Set the data down again, exactly as it reads, but without the pictures.

» **PROVIDED DATA**:
===
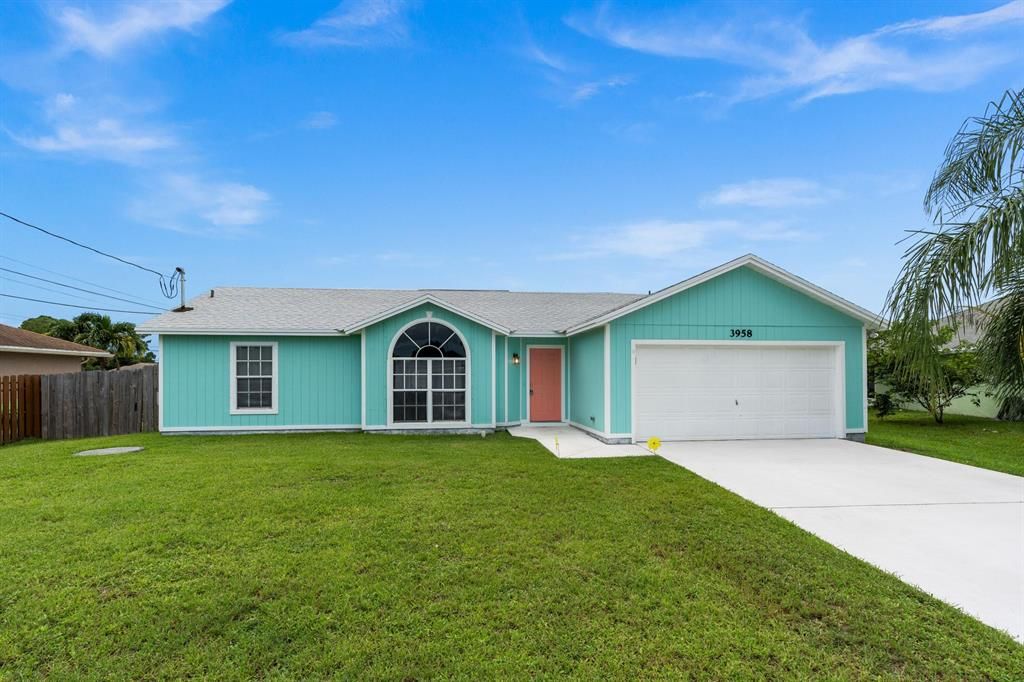 Photo of 3958 SW Halcomb Street, Port Saint Lucie, FL 34953 (MLS # R10738041)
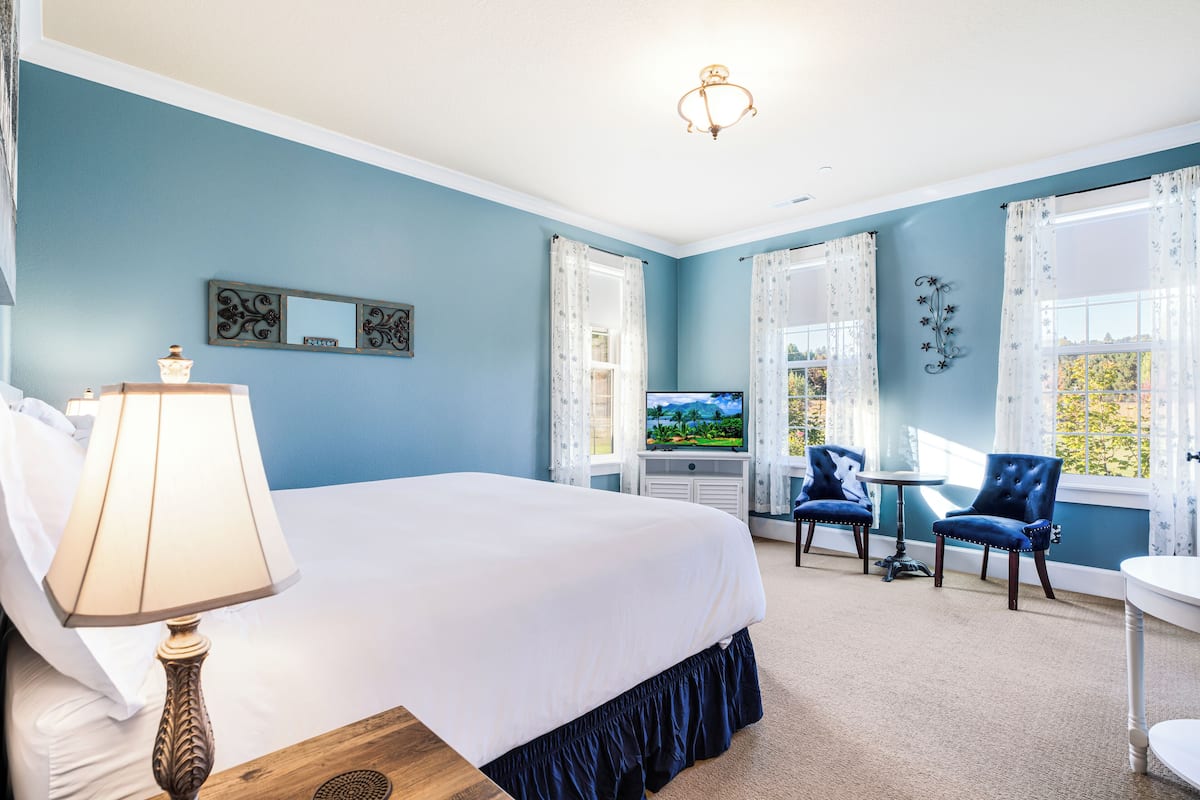 A hotel room with a large bed, a TV, two chairs, a small table, and a window with curtains.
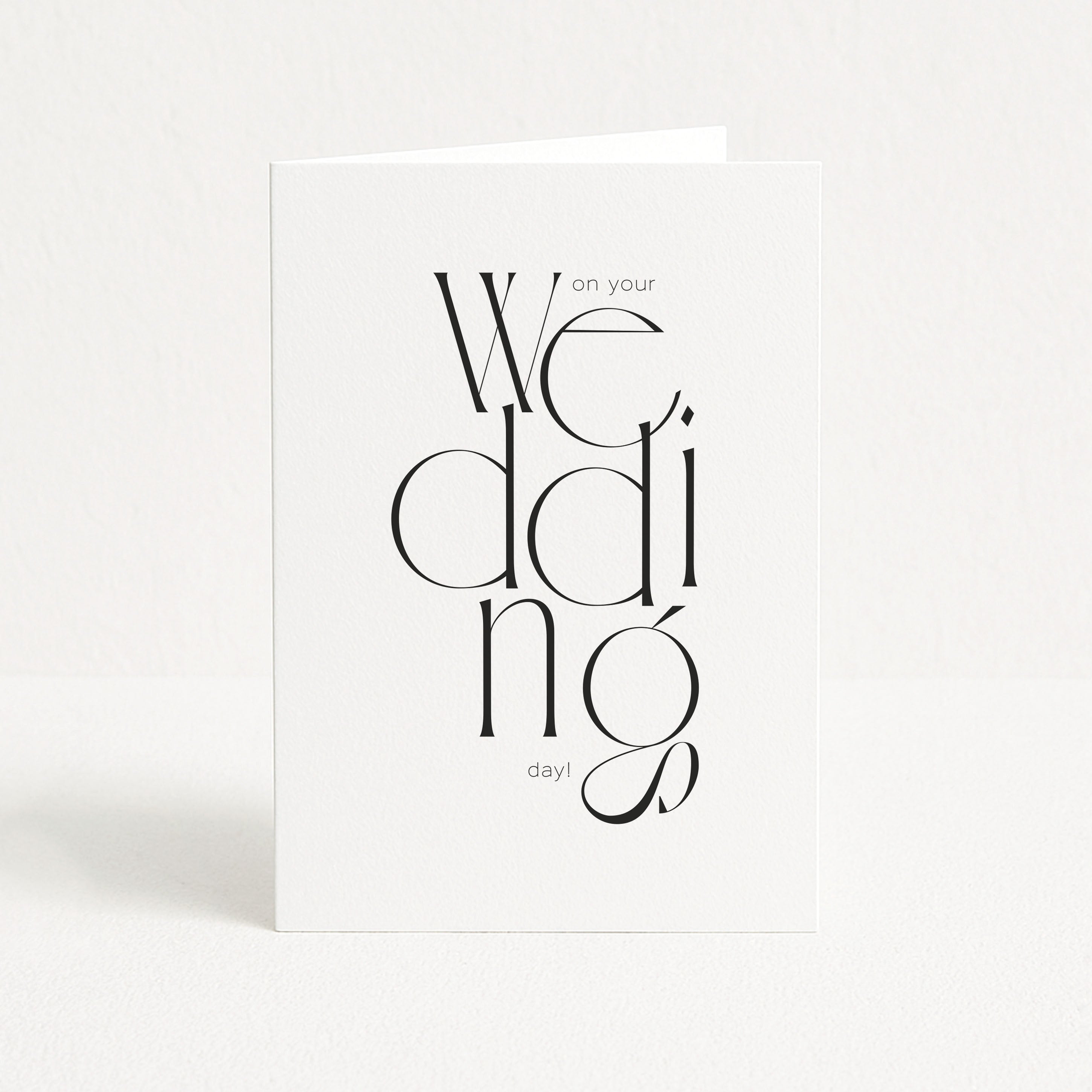 White card with black text 'We do on your wedding day!' on a white background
===
» **RESULT OF THE EXERCISE**:
 Photo of 3958 SW Halcomb Street, Port Saint Lucie, FL 34953 (MLS # R10738041)
 A hotel room with a large bed, a TV, two chairs, a small table, and a window with curtains.
 White card with black text 'We do on your wedding day!' on a white background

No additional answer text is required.